A staff report to the council and mayor, stated, "the city will be administering the grant and be responsible for all finances and draw downs."
Within these acres, the city leases land for the use of Wyoming's Modeler's Park. Members of the park's association -- Rich Hardt and Sollie Cadman, along with others -- came forward at the meeting to express their support of the grant application and the support they've received from IDEA to keep the park open or find an alternate location for it, if necessary.
The other two grant applications would bring a data center to Riverton. A $2.25 million Wyoming Business Council Data Center Incentive Grant program would help PitchEngine -- a technology-based business in Fremont County -- develop a new data center that would help pay for the high costs of broadband and electricity expenses in the city. The Tier-2 data center would be the first to bring in a cloud-based hosting service to Central Wyoming College.
The city council approved the resolution for the grant application and received authorization from the mayor.
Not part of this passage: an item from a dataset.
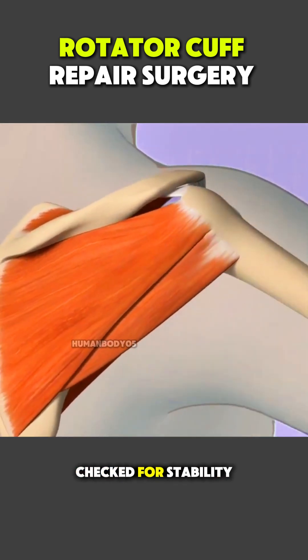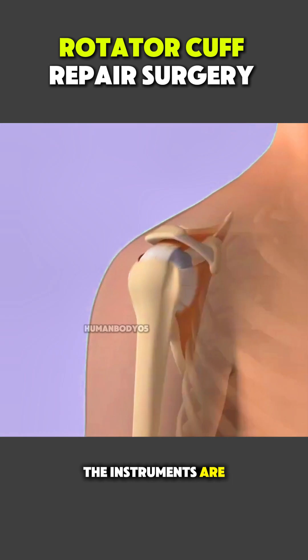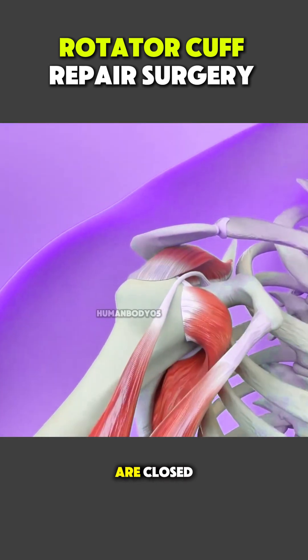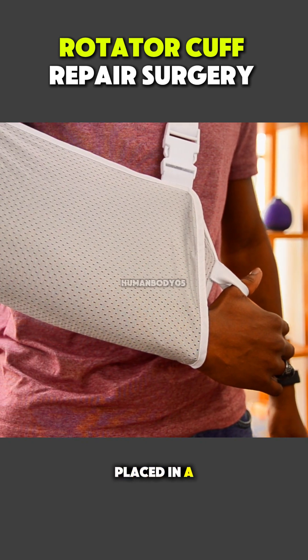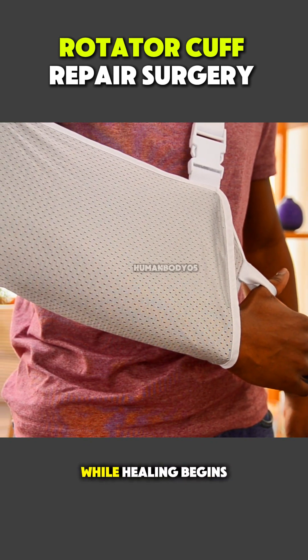the shoulder is checked for stability, the instruments are removed, and the incisions are closed. After surgery, the arm is placed in a sling to protect the repair while healing begins.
The center would be in Riverton because of the dual redundant fiber optics required at the facility.
"It is one of the few locations in the county that has that, and that's an absolute requirement for a data center," Christopherson said.
The site and building will be owned by IDEA and leased to PitchEngine.
The state would reimburse 50 percent of the costs on a quarterly basis to PitchEngine, as long as the company matches the cost "with increased employment and capital expenditures." Christopherson said.
The business committed grant application would repurpose an existing building and convert it into a data center. Christopherson said the developers were looking into the Brunton building on College View Drive. That resolution and mayor authorization pledge also were approved by the city. Other percentage matches, outlined in the agreement, would have to be met by PitchEngine on both grants. The center would bring high level technology workers into the workforce.